Science to the Grower: Are plants intelligent enough to earn a scouting merit badge?
by Richard Evans
I know what you're thinking as you read about scouting in this issue of UCNFA News. You’re thinking about all the time and money you’ll have to spend detecting pests and deciding when a problem requires action. Wouldn’t it be nice if plants could get off their butts and take care of business themselves? It’s not so far-fetched. Plants may seem like couch potatoes, but there is abundant evidence that they can take an active role in scouting. They can recognize pests, count their numbers, defend themselves from attackers, warn neighboring plants that pests are present and even send out orders for pest management.
The best-known example of a plant monitoring and responding to insects is the Venus flytrap (Dionaea muscipula). It responds to an insect touching the trigger hairs located on each leaf-like lobe of the trap. The trap snaps shut when two trigger hairs are bent, or when one hair is bent twice, within about 15 to 20 seconds (Escalante-Pe´rez and others 2011). Yes, plants can count and tell time! The flytrap doesn’t waste much energy on false alarms, either. It secretes digestive chemicals only after the trapped insect triggers the hairs three more times (Böhm and others 2016).

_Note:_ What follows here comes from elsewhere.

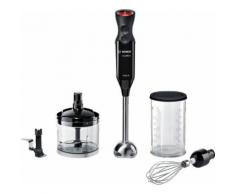 BOSCH Stabmixer MS61B6170, 1000 W, extra leichtes ergonomisches Gehäuse, 12 Stufen, inkl. Zerkleinerer, Messbecher und Schneebesen, schwarz grau Mixer Zerkleinerer Haushaltsgeräte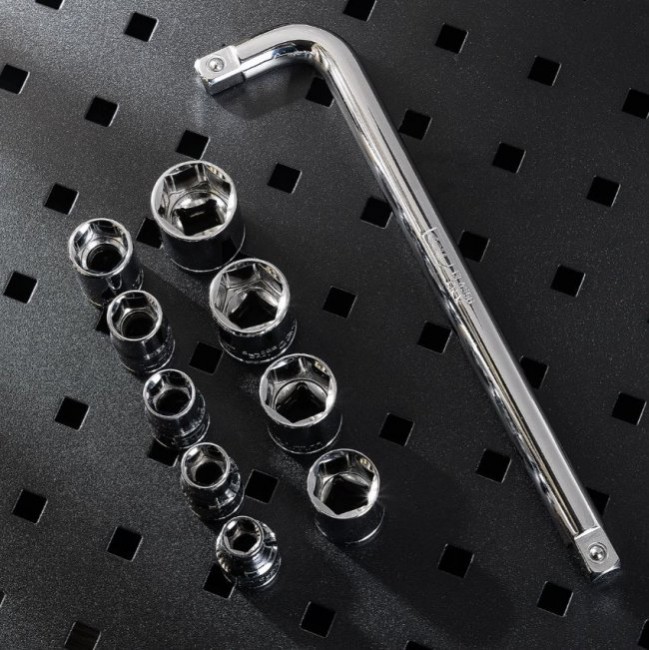 Комплект домакински инструменти Deli Комплект гаечни ключове Deli Tools EDL2024T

Another well-known response is that of the sensitive plant, Mimosa pudica. It folds its leaflets in response to physical disturbance, apparently as a defensive response to herbivores. Since many leaf disturbances are non-threatening, it would be to the plant’s benefit if it could decide whether to respond, rather than wasting energy every time the wind blows. Monica Gagliano, an Australian ecologist, made a remarkable discovery when she conducted experiments on potted Mimosa plants (Gagliano and others 2014). She constructed a device that dropped the plants from a height of about 6 inches every 5 seconds. Leaflets closed after the first drop, but the plants stopped responding after a few more drops, and all leaflets were open by the time the plants had been dropped 60 times. The plants recognized that the disturbance was annoying, but not threatening. Or maybe they got bored. However, if the plants were disturbed in a different way, like shaking them from side to side, the leaflets closed again. If Gagliano commenced dropping them again, the plants didn’t respond. They remembered that dropping 6 inches wasn’t going to damage them. In fact, the plants remembered for as long as 28 days! Even more amazing is that Mimosa plants growing in low light conditions, where leaf exposure to light is essential to maximize photosynthesis, are more likely to ignore leaf disturbances than plants exposed to high light conditions. Apparently they recognize that when light is in short supply it’s worth spreading leaves to photosynthesize, even if it increases the risk of getting chomped.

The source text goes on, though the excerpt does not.